Saramago uses a third-person omniscient narrator and an ever more ominous tone to create this chilling and ultimately bewildering work about a society suddenly afflicted by blindness.

The dystopian world found in this romping science fiction novel was one of the first to introduce cyberpunk to society, capturing first-time novelist William Gibson the Hugo, the Nebula, and the Philip K. Dick Award in 1984.

A vision of a dystopia steeped in gender discrimination, The Handmaid’s Tale was giving folks the shivers decades before it became a popular television show on Hulu.

The Turn Of The Millennium: Youth Betrayed

Today, dystopian fiction is predominantly associated with the young adult genre. Young adult dystopian series — Maze Runner, Divergent, Ready Player One, among countless more — dominate the shelves, bleeding into Hollywood. The Divergent films alone grossed over $700 million in box office receipts worldwide.

How did we reach this point? In big part, it’s due to The Hunger Games, as the trend that The Giver began exploded in popularity among young adults with the publication of Suzanne Collins’ series. In dystopian fiction, young adult readers can find a tangle of themes to identify with: themes of self-discovery, of one young person pitted against the whole terrible world. Overall, the rise in dystopian novels since 2000 is said to be a symptom of the pooling anxieties that followed 9/11 and other troubling geopolitical events.

But The Hunger Games still managed to change many aspects of the game. In an essay, the AV Club noted:

The Giver comes from what seems to be a lost tradition in dystopian storytelling. It used to be okay for genetics to eventually yield an individual who wants to break free from societal homogeny, and choose to escape that oppression to a safer community.

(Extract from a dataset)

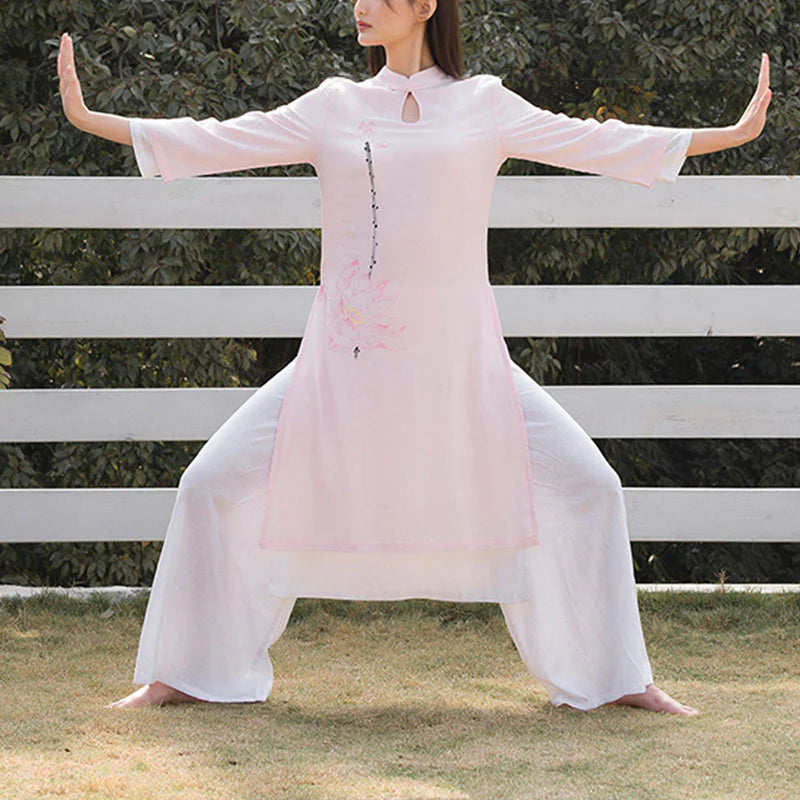 Buddha Stones 2Pcs Lotus Pattern Tai Chi Meditation Yoga Cotton Linen Clothing Top Pants Women's Set  (Extra 30% Off | USE CODE: FS30)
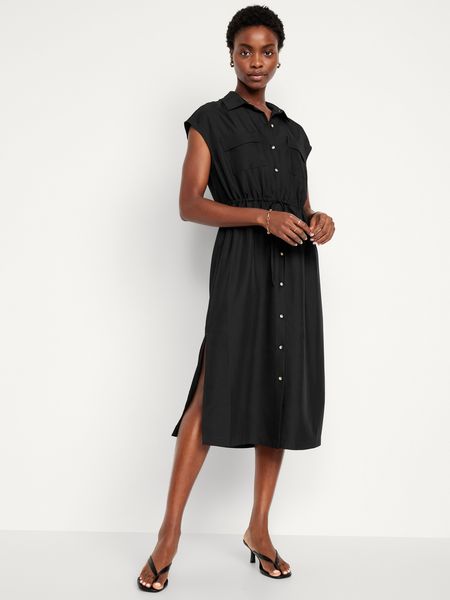 Waist-Defined Utility Midi Shirt Dress for Women | Old Navy (US)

Now, merely escaping isn’t enough — dystopian-thriller protagonists must learn brutally militaristic tactics and enact violence that brings tyranny crumbling down in increasingly bloody action sequences.

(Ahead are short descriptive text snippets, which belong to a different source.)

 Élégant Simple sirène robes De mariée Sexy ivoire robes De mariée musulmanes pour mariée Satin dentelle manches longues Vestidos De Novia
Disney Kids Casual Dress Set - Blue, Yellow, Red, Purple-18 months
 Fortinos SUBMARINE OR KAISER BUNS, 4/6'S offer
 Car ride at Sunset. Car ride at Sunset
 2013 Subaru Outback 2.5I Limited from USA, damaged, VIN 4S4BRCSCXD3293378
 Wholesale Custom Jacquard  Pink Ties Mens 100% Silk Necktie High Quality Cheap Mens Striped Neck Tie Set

And so in today’s crop of dystopian fiction, the stakes are bigger than ever. Continuing in a proud tradition, they carry on vindicating the definition of a dystopia: a worst possible world. But what each of them (sometimes) offers is a brief, shining belief that such a world can be fixed. And now, the resurgence of sales for books such as 1984 and Brave New World shows that a vast contingent of us continue to turn towards the genre for comfort, or answers.

Prominent Dystopian Fiction from the Era:

A part of the trilogy that ends with Mockingjay, Hunger Games needs no introduction anymore. Except this: may the odds be with you when you read it.

Like MMORPGs? You perhaps won’t be such a fan of them after you read Ready Player One, which won the Alex Award from the American Library Association and the 2012 Prometheus Award.

(Un)coincidentally, 1Q84 is only one number removed from George Orwell’s 1984. Once called the dystopian novel to end all dystopian novels, this winding epic is a feat of brilliant imagination that only Murakami could’ve conjured.

In the background of a burgeoning romance between a Korean-American and a Russian, America teeters on the brink of economic collapse and consumerism threatens to overwhelm all.

Who says you’re ugly? This book does. Uglies turns a very dystopian eye upon plastic surgery: in this future, when you turn 16, you get an operation to turn “pretty.”